Первым испытанием новой администрации стала ситуация в Канзасе, получившей по Биллю Канзас — Небраска право определиться с отношением к рабству до своего принятия в Союз в качестве штата. Воспользовавшись отказом местных противников рабства от участия в определении будущего статуса штата, сторонники рабства провели съезд, утвердивший рабовладельческий статус Канзаса. Принятое в интересах разрядки складывающейся в очередной раз напряженности решение президента Бьюкенена рекомендовать принятие в Союз территории Канзас в качестве рабовладельческого штата вызвало энергичный протест в его собственной Республиканской партии.[137]

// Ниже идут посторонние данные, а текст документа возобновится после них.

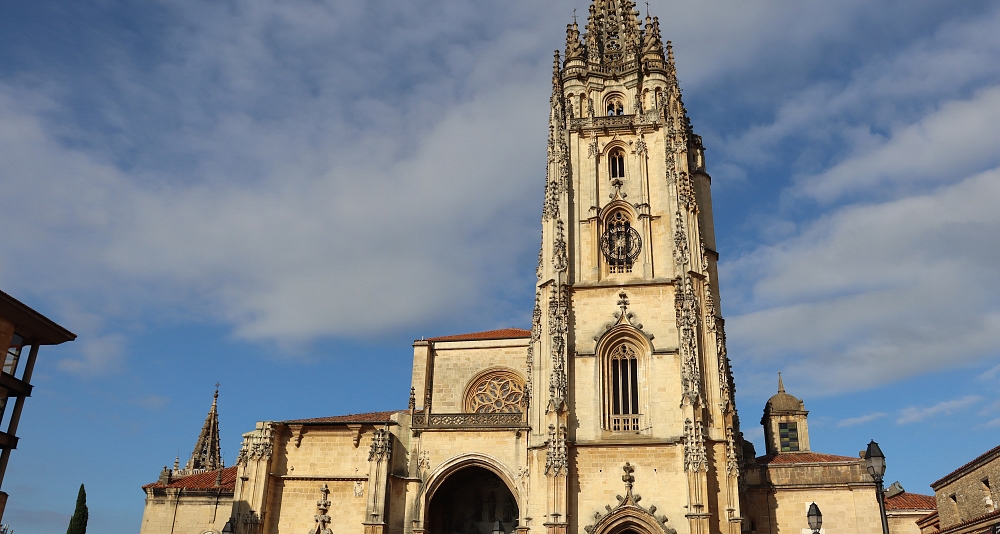 Road trip through the Green North: history, mountains and sea in a single experience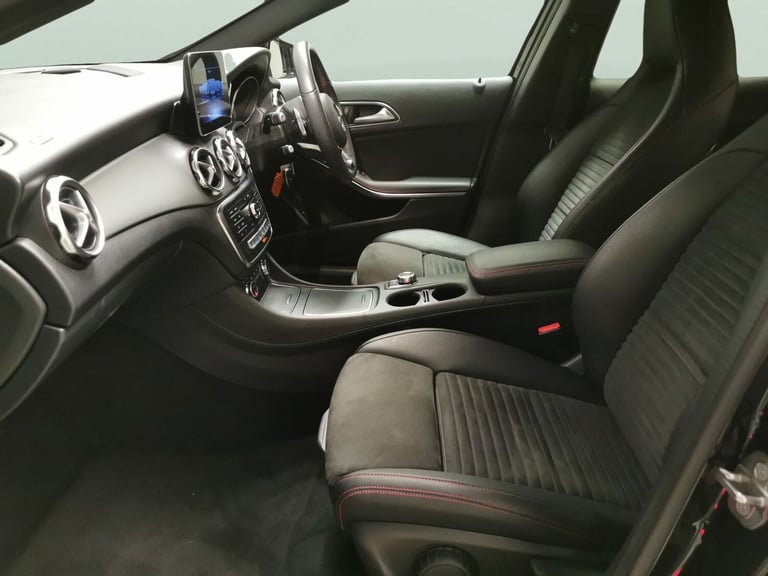 2019 Mercedes-Benz GLA GLA 180 AMG Line Edition 5dr Auto ESTATE PETROL Automatic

Кульминацией антирабовладельческого движения стало восстание 1859 г. под руководством Джона Брауна. При финансовой и моральной поддержке аболиционистов Севера давний убежденный противник рабства Браун собрал небольшую группу единомышленников и предпринял попытку захватить крупный армейский арсенал в г. Харперс-Ферри с целью вооружить будущую аболиционистскую армию для борьбы за освобождение негров. На подавление восстания были брошены значительные армейские силы, которым удалось через два дня схватить Брауна и нескольких еще остававшихся в живых бунтовщиков. Спустя два месяца Браун, а несколько позднее и шесть его единомышленников были повешены. А. Линкольн, изначально осуждавший Брауна и избранную им тактику борьбы и называвший его выступление актом «насилия, кровопролития и предательства», заявил, что действия Брауна заслуживали наказания смертью.

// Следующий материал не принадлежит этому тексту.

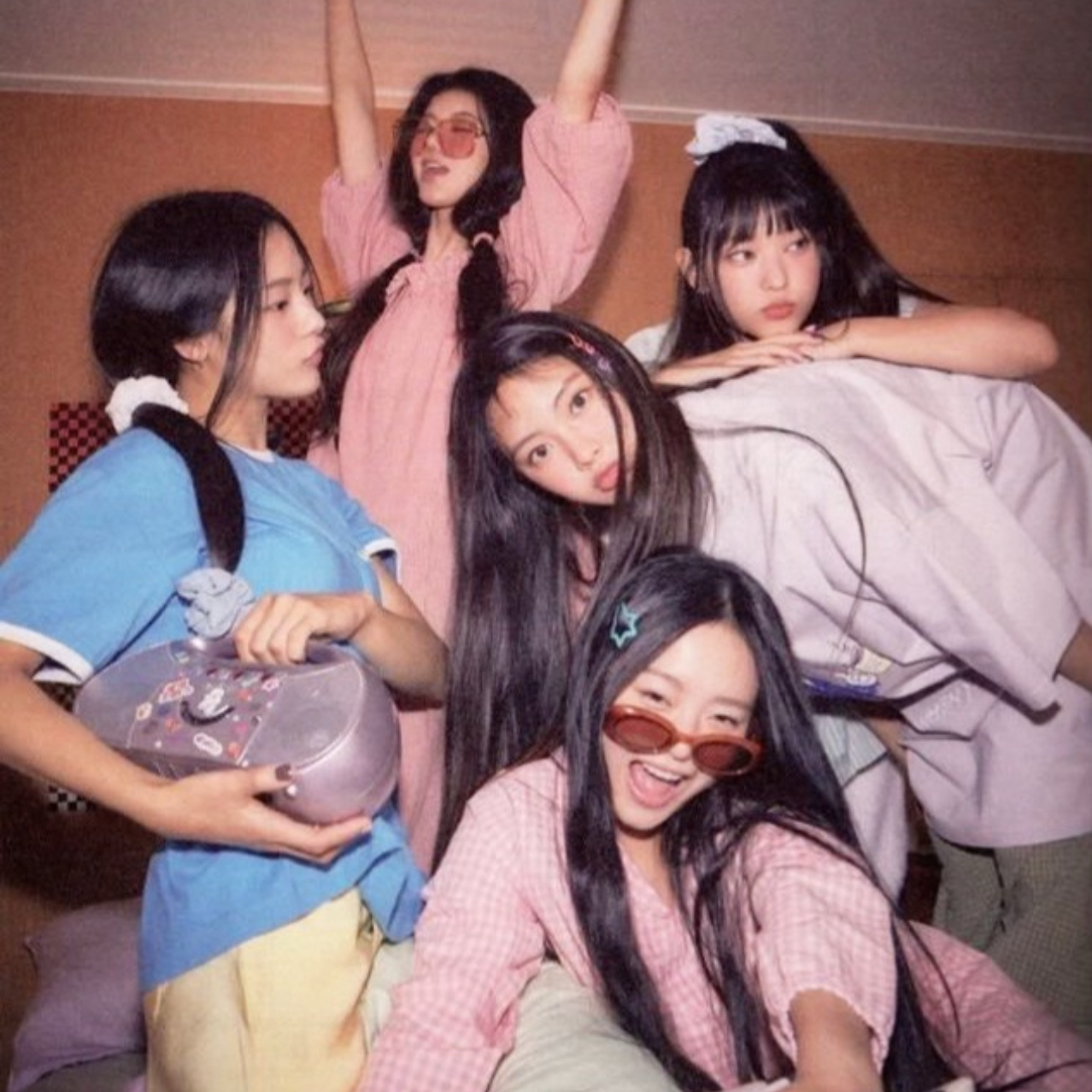 NewJeansの最近の活動写真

Несмотря на успешное подавление восстания властями Канзаса, вооруженное выступление Брауна серьезно напугало рабовладельческий Юг и в еще большей степени обострило его противостояние с Севером. В свободных северных штатах казнь Дж. Брауна Джон Браун была отмечена похоронным звоном церковных колоколов, а один из наиболее известных его современников, писатель и философ Г. Д. Торо, откликнулся на это событие словами: «Сегодня утром был повешен капитан Браун. Он больше не старик Браун, он ангел света». С этого дня американское аболиционистское движение, Гражданская война в США и имя Джона Брауна стали неразрывно связанными понятиями. Как отмечала в те дни одна вирджинская газета, в американском обществе были тысячи людей, «которые месяц назад насмехались над идеей распада Союза как мечтой сумасшедшего, но которые сейчас убеждены, что его дни сочтены».

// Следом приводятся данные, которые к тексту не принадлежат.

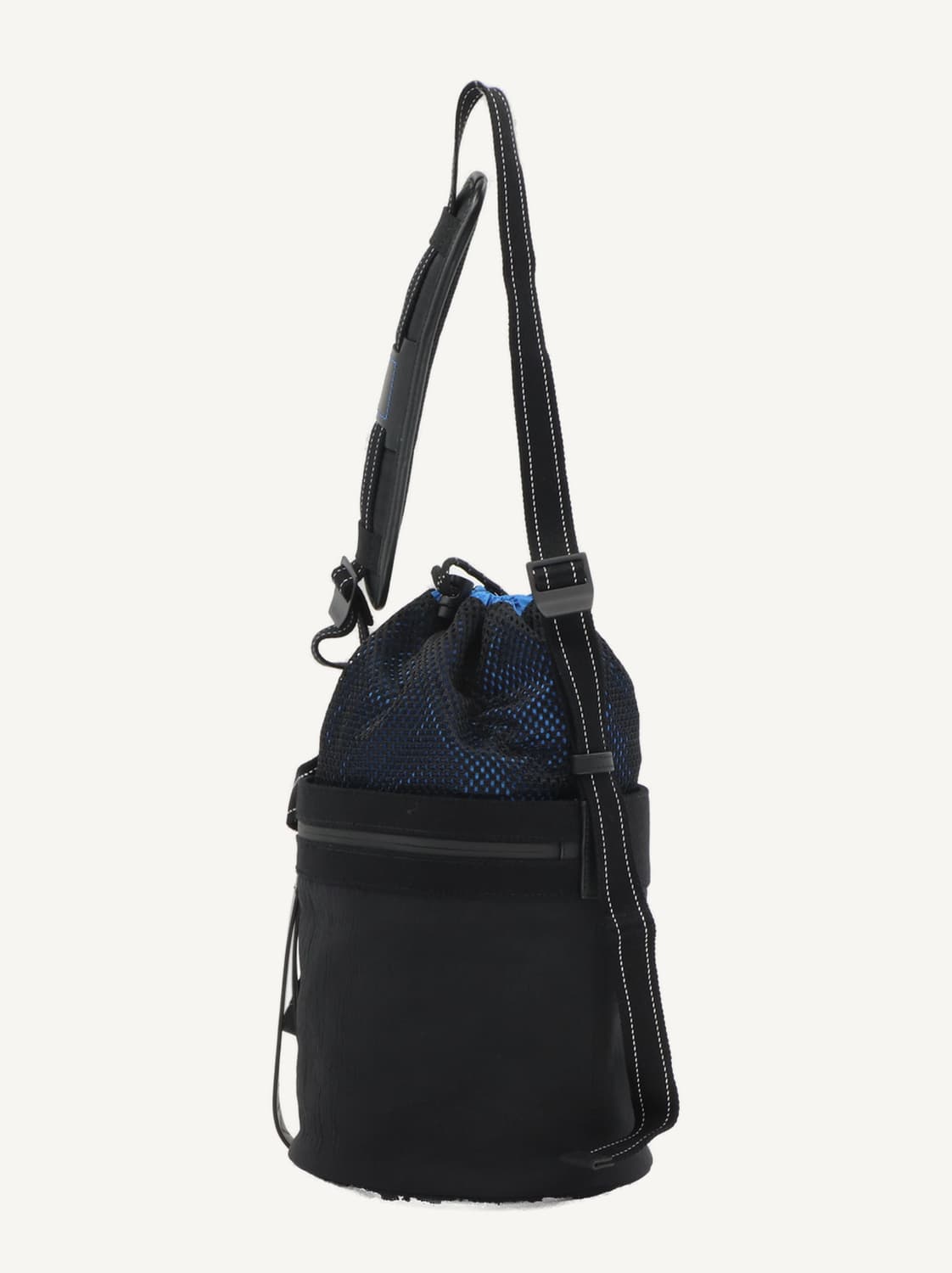 보테가베네타 나일론 버킷백 상품이미지2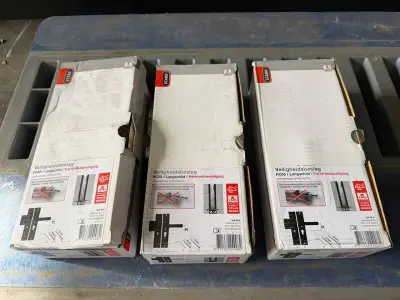 3x SKG3 deurkruk en voordeurknop op langschild met kerntrekbeveiliging 245x50mm PC55 zwart STARX – kavel bij Onlineveilingmeester, Hoogeveen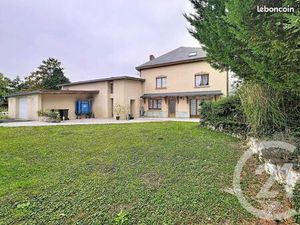 Maison 7 pièces 213 m²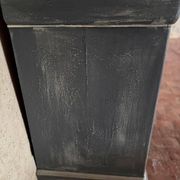 Commode Louis Philippe datant du 19e siècle avec marbre, peinture et patine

Однако при всей несомненной важности выступления Дж. Брауна для борьбы чернокожего населения Америки за свои права нельзя не отметить, что на помощь осажденным в арсенале Харперс-Ферри двум десяткам белых и свободных негров не пришел ни один чернокожий невольник. За исключением отчаянного и изначально обреченного на неуспех поступка Джона Брауна, единство действий белых бедняков и чернокожих невольников было скорее исключением, чем правилом, хотя у негров и бедных белых южан были одни те же заботы. Белые бедняки-южане были воспитаны в духе превосходства белой расы и в своем бедственном экономическом и социальном положении дорожили этим единственным признаком их отличия от негров. Лишь в очень редких случаях, к которым следует отнести восстание Дж. Брауна, американский белый бедняк, в какой бы нужде он ни жил, был готов поставить себя на одну доску с чернокожим бедняком, а тем более рабом.